Data listing —
◇ ◇ ◇
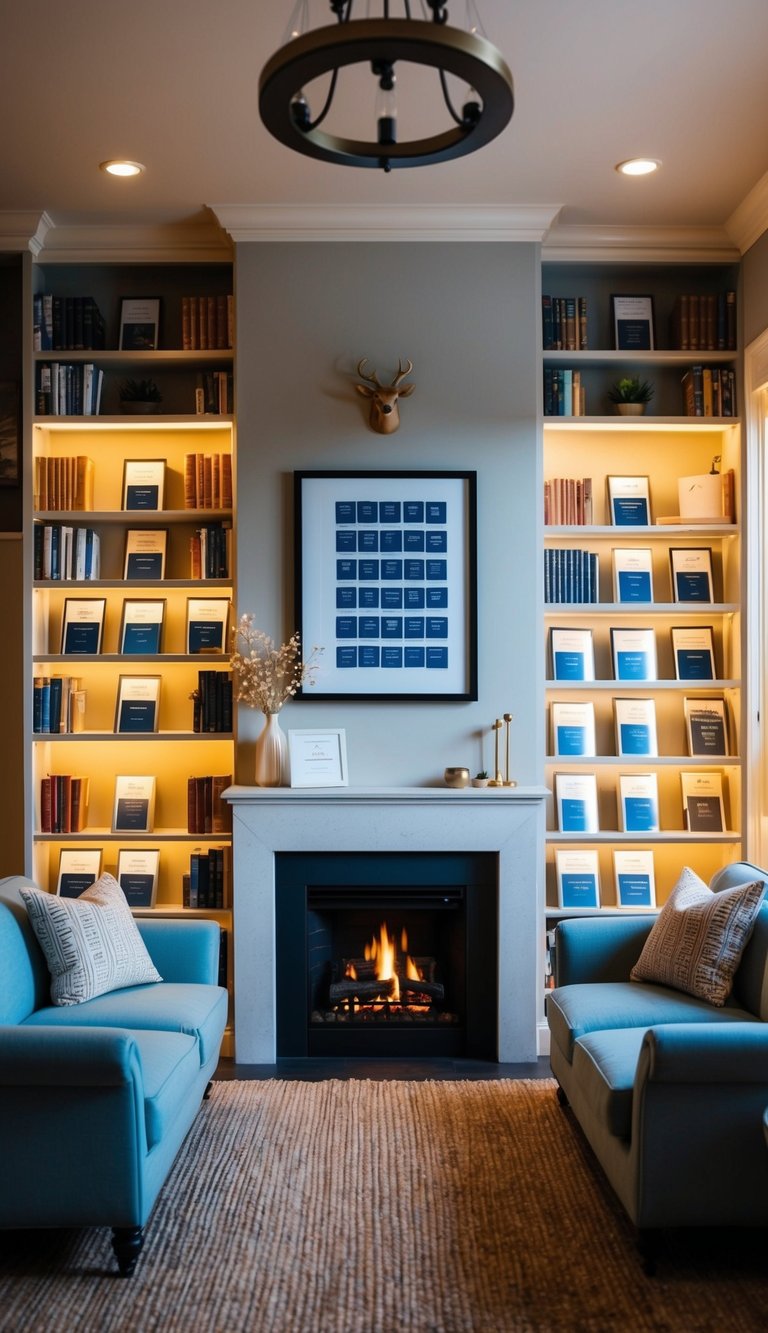 A cozy home library with personalized bookplates on shelves, comfy seating, warm lighting, and a fireplace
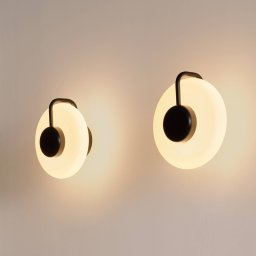 kdln LED wall light TRATTO, black, Ø 27 cm, metal/glass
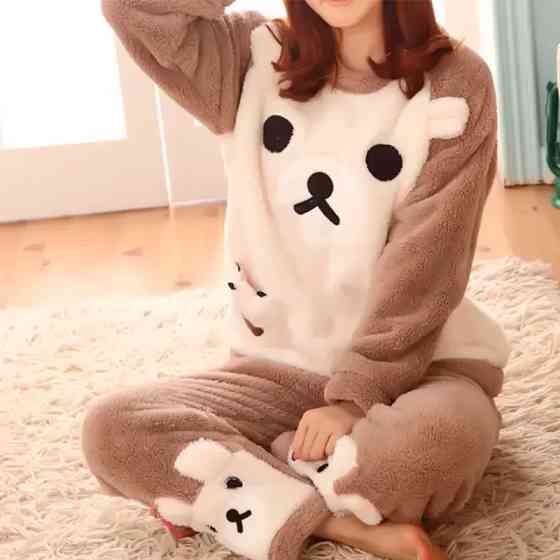 Женская тёплая махровая пижама Bear White XL Київ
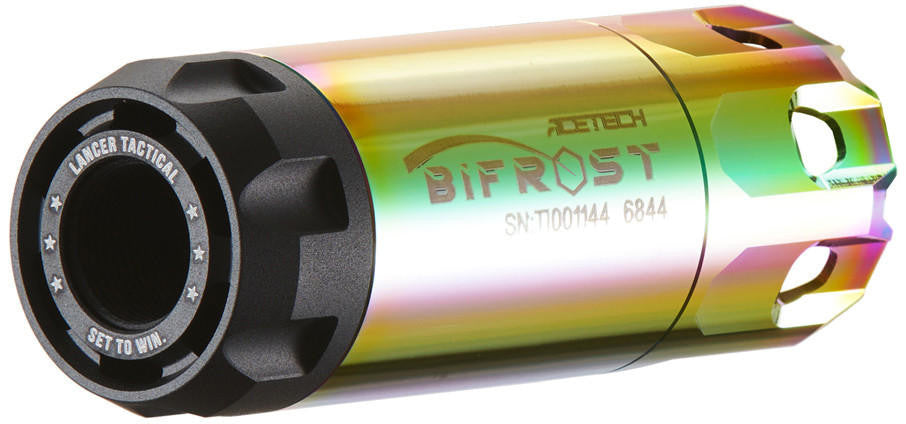 Lancer Tactical x Acetech Special Edition Biforst Tracer Unit with Multi Color RGB Flame Effect, Black and Rainbow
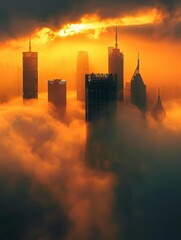 Fototapeta premium The sunrise casts a spellbinding glow on the mistshrouded skyscrapers, their silhouettes stretching into the sky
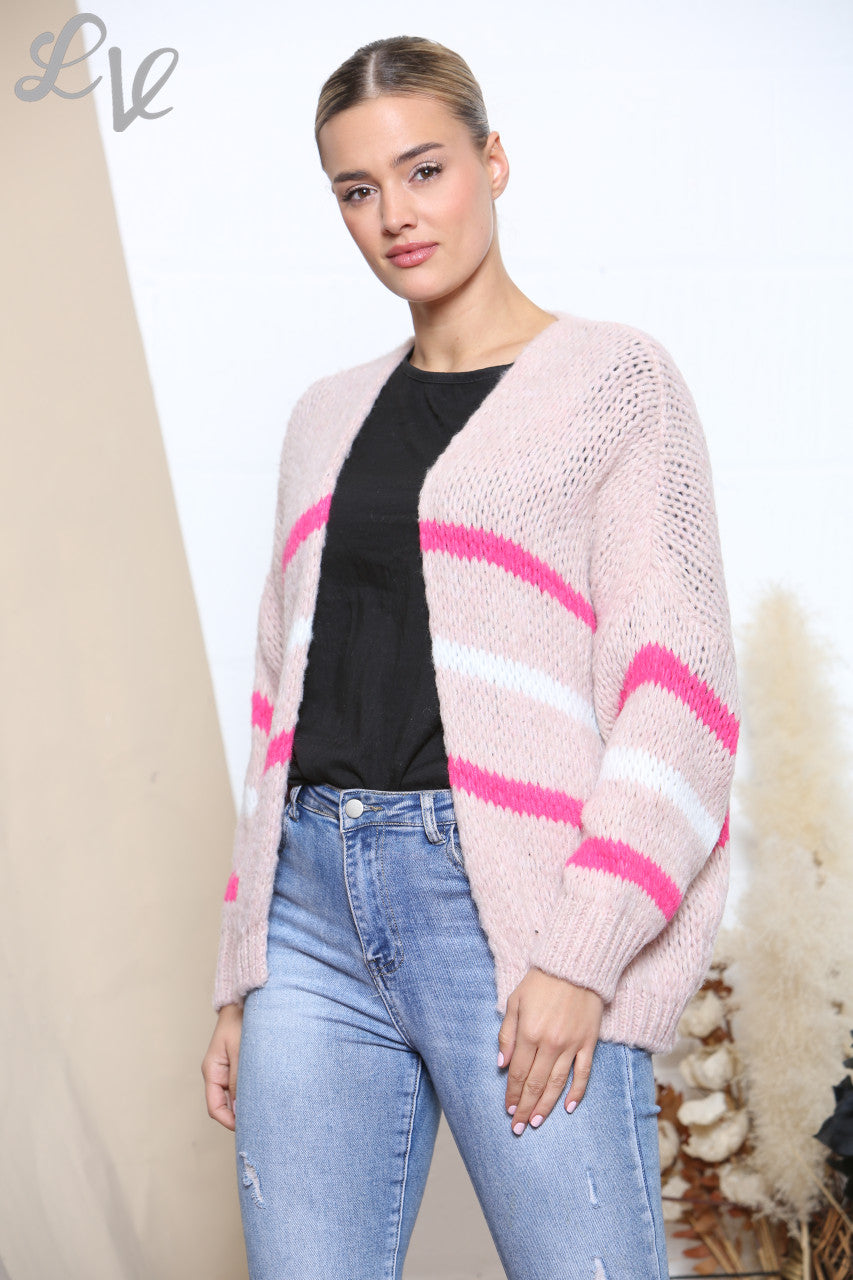 Dames gebreid slouchy vest stofroze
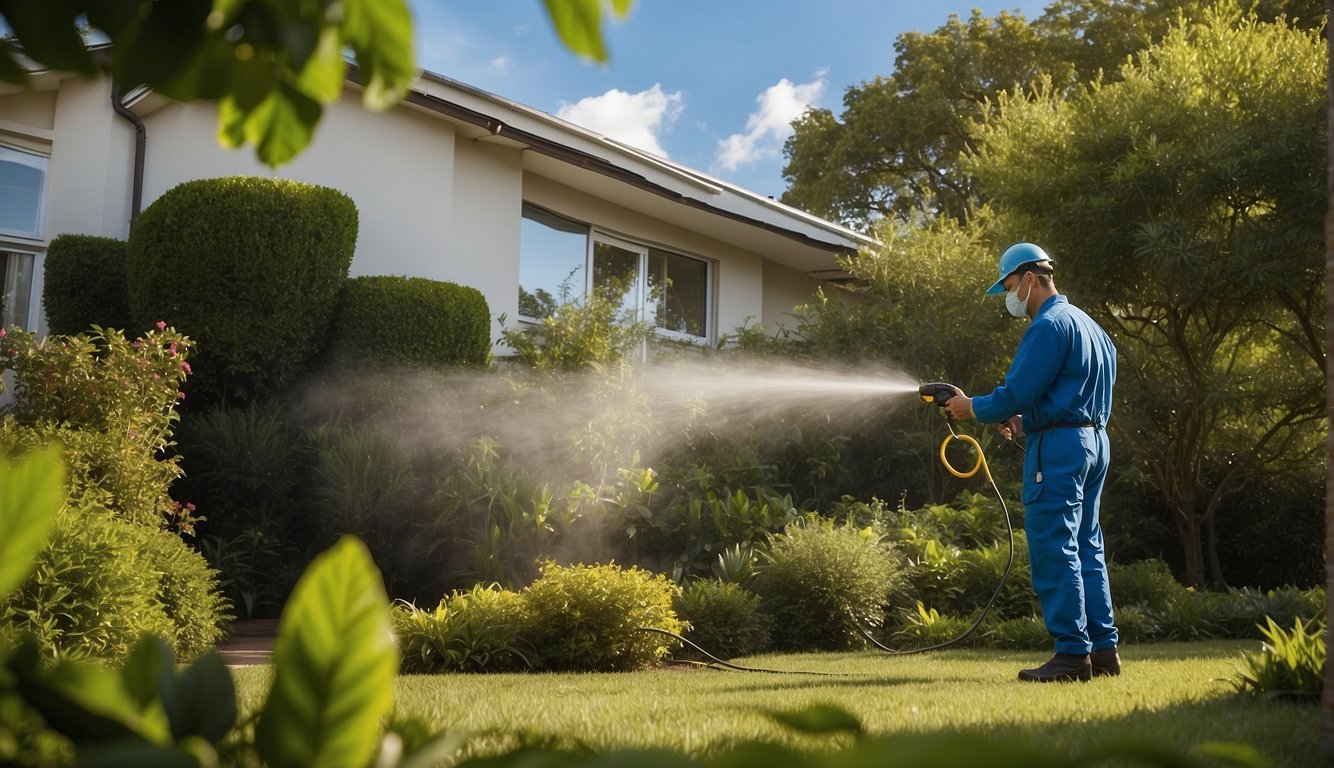A technician sprays eco-friendly solution around a house, sealing cracks and removing pests. The home is surrounded by lush greenery and a bright blue sky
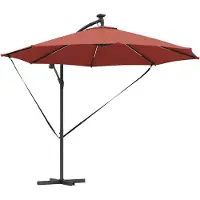 Syfax Parasol Terre cuite 294 x 294 x 248 cm Polyester et Aluminium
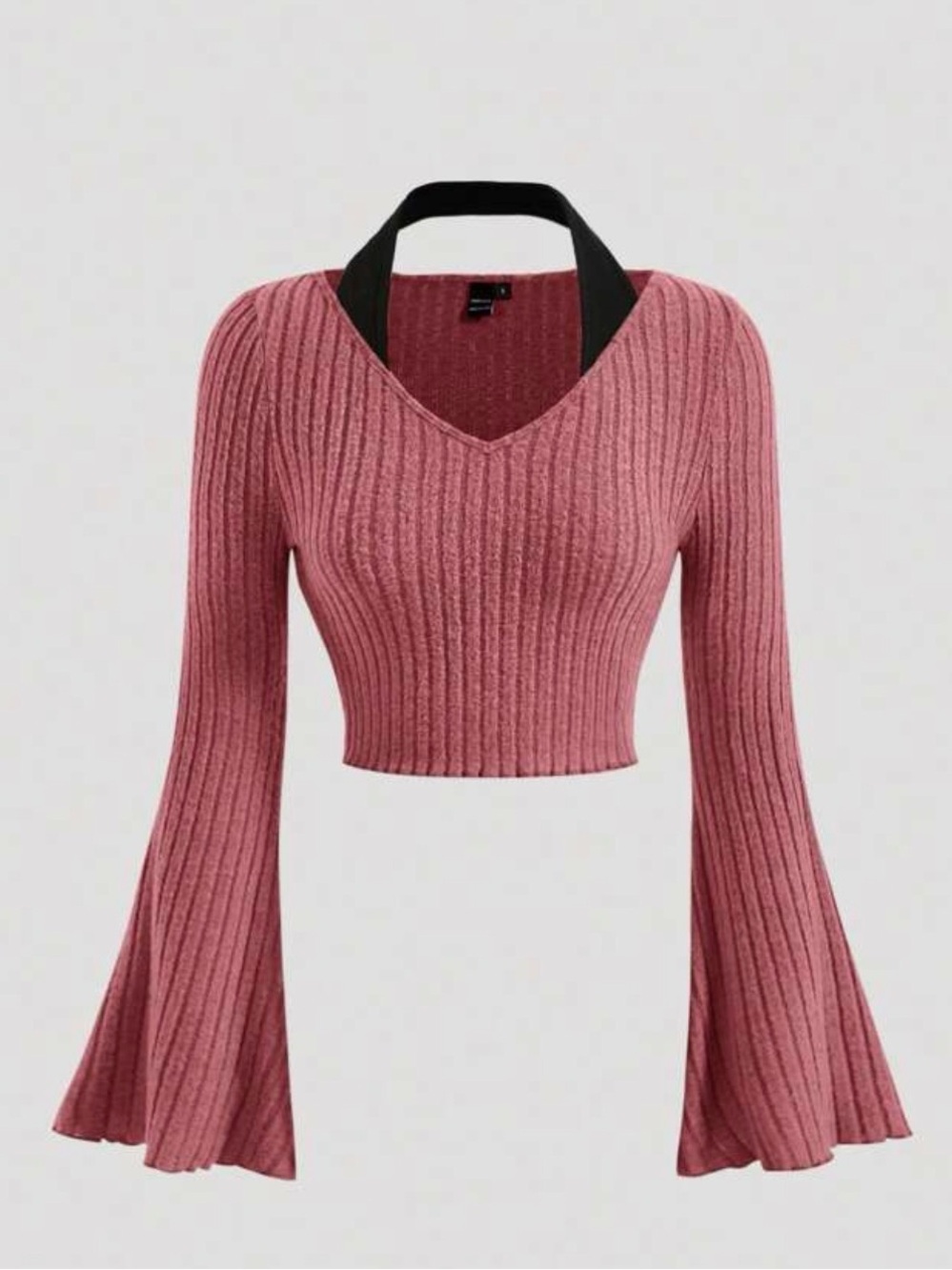 SHEIN Mauve Ribbed V-Neck Knit Sweater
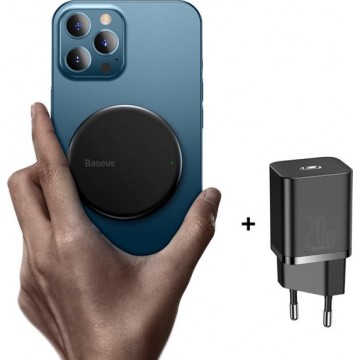 Magsafe oplader + USB-C Adapter Iphone 12 - Magsafe Iphone 12 Mini/Pro/Pro Max - Draadloze oplader - Iphone 12 lader - Zwart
◇ ◇ ◇
Activity — Give back the whole listing exactly as written. Do not include any picture.

Exercise solution —
 A cozy home library with personalized bookplates on shelves, comfy seating, warm lighting, and a fireplace
 kdln LED wall light TRATTO, black, Ø 27 cm, metal/glass
 Женская тёплая махровая пижама Bear White XL Київ
 Lancer Tactical x Acetech Special Edition Biforst Tracer Unit with Multi Color RGB Flame Effect, Black and Rainbow
 Fototapeta premium The sunrise casts a spellbinding glow on the mistshrouded skyscrapers, their silhouettes stretching into the sky
 Dames gebreid slouchy vest stofroze
A technician sprays eco-friendly solution around a house, sealing cracks and removing pests. The home is surrounded by lush greenery and a bright blue sky
 Syfax Parasol Terre cuite 294 x 294 x 248 cm Polyester et Aluminium
 SHEIN Mauve Ribbed V-Neck Knit Sweater
 Magsafe oplader + USB-C Adapter Iphone 12 - Magsafe Iphone 12 Mini/Pro/Pro Max - Draadloze oplader - Iphone 12 lader - Zwart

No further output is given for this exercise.